[Opening Dataset records section]
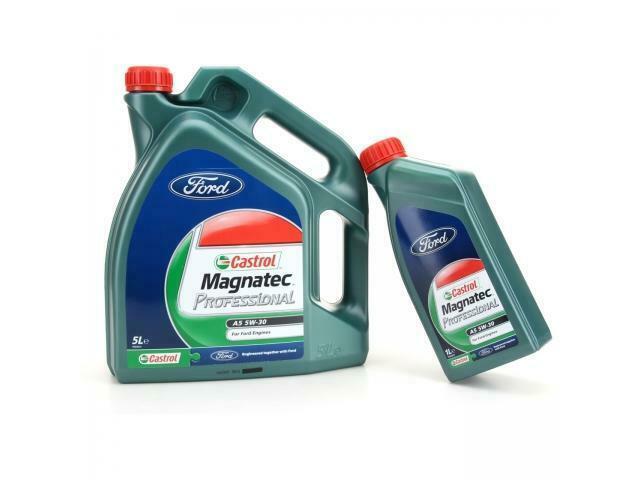 ORIGINEEL Ford motorolie CASTROL Magnatec Professional A5 5W, Auto diversen, Overige Auto diversen, Ophalen of Verzenden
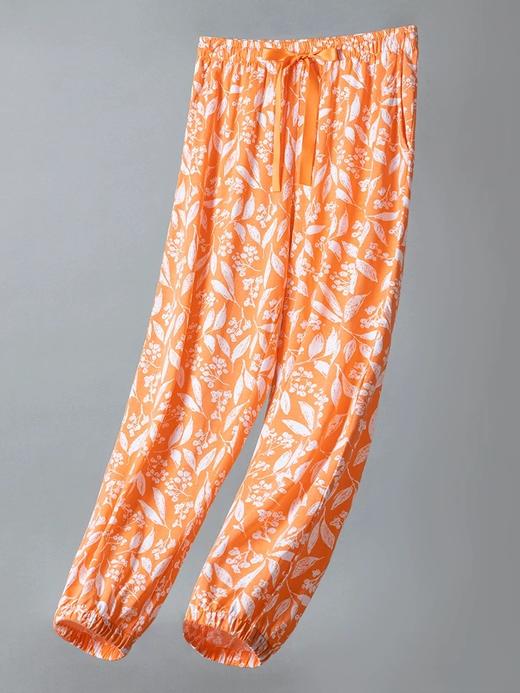 【粘纤梭织】SCHIESSER德国舒雅女士七分袖100%粘纤梭织九分裤31/24772P 商品图6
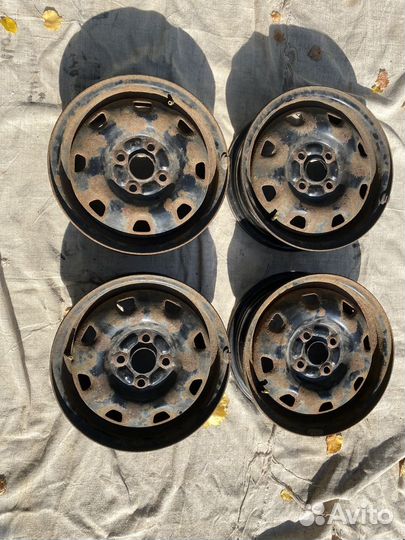 Диски штампованные 5 J 14 4 * 100 ET46 d 54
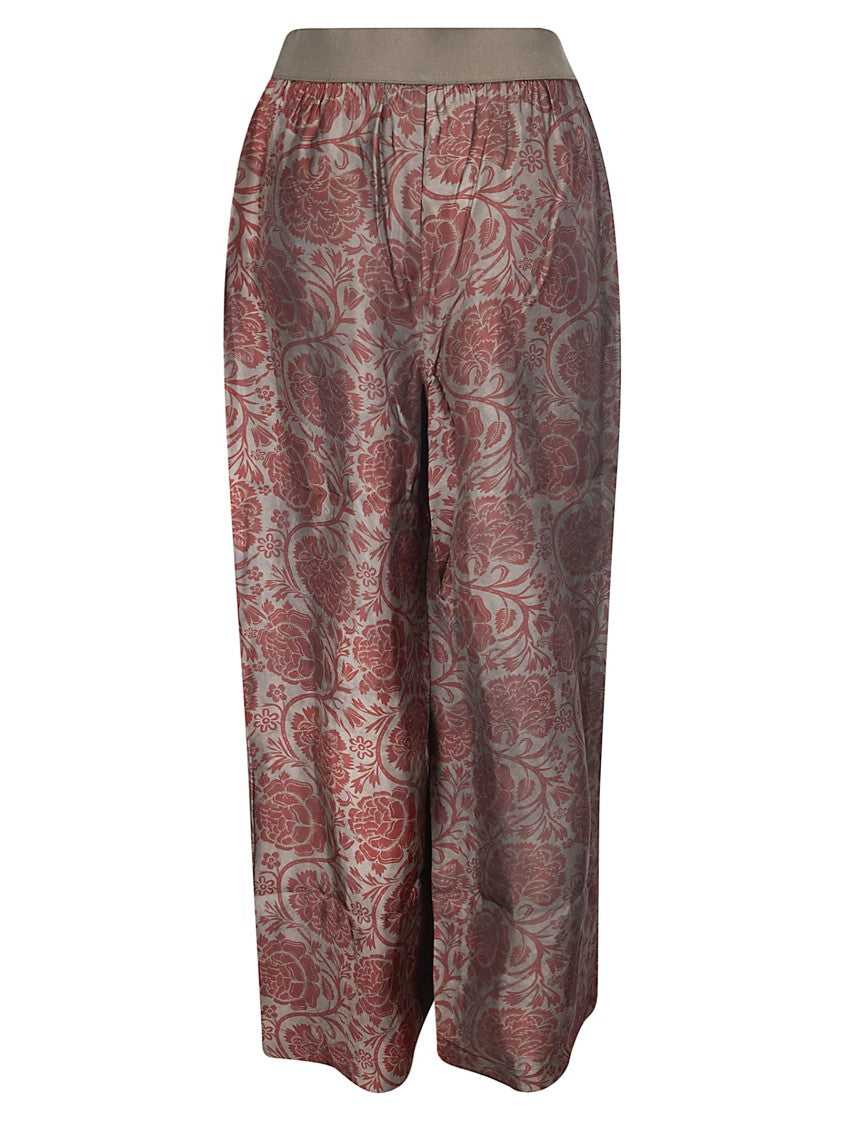 Uma Wang Pansy Wide-Leg Pants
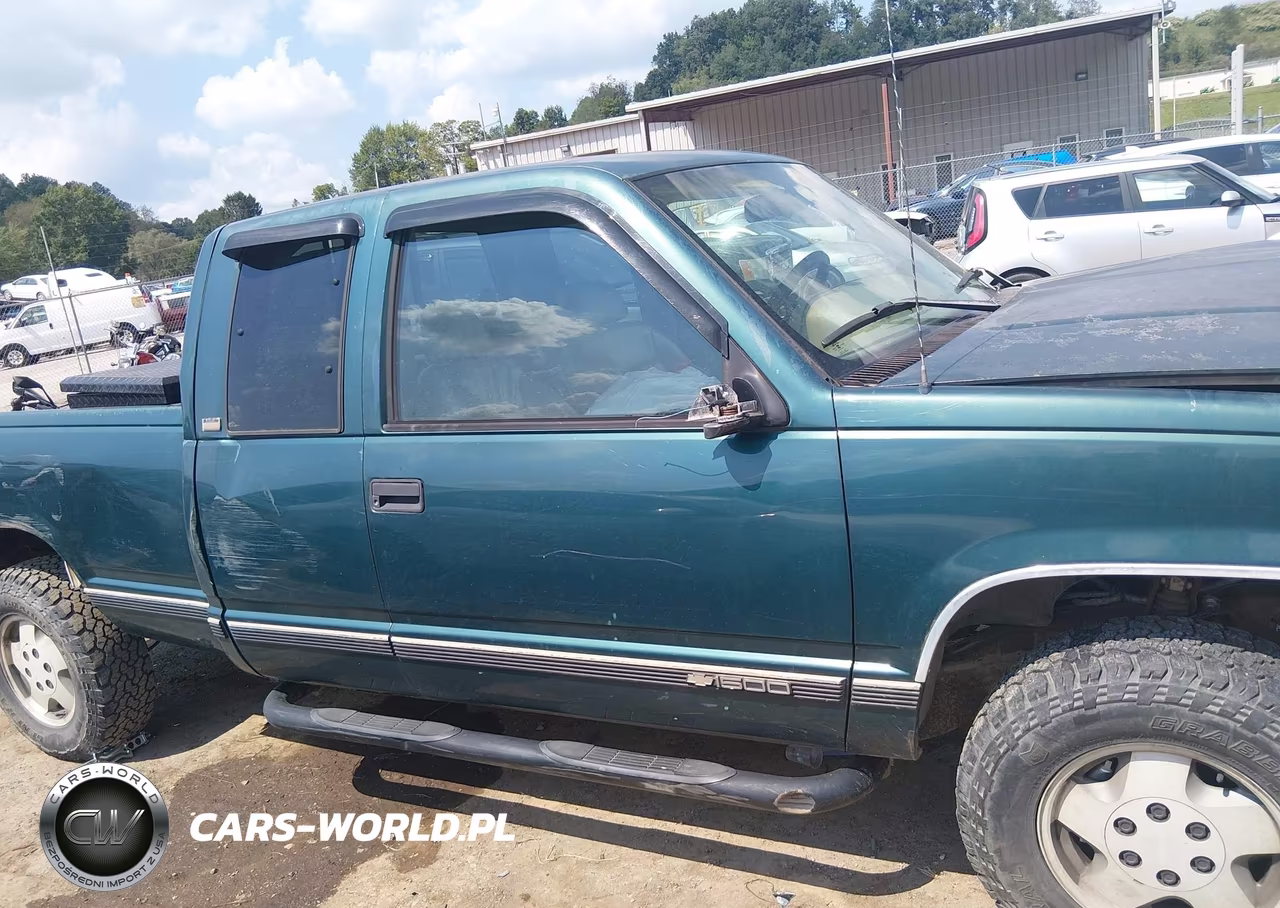 1996 Chevrolet Gmt-400 K1500 VIN:2GCEK19R2T1209370 - 14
[Closing Dataset records section]
• [About this exercise]: Once the pictures are set aside, give the listing again word for word.

• [Answer to the exercise]:
 ORIGINEEL Ford motorolie CASTROL Magnatec Professional A5 5W, Auto diversen, Overige Auto diversen, Ophalen of Verzenden
 【粘纤梭织】SCHIESSER德国舒雅女士七分袖100%粘纤梭织九分裤31/24772P 商品图6
 Диски штампованные 5 J 14 4 * 100 ET46 d 54
 Uma Wang Pansy Wide-Leg Pants
 1996 Chevrolet Gmt-400 K1500 VIN:2GCEK19R2T1209370 - 14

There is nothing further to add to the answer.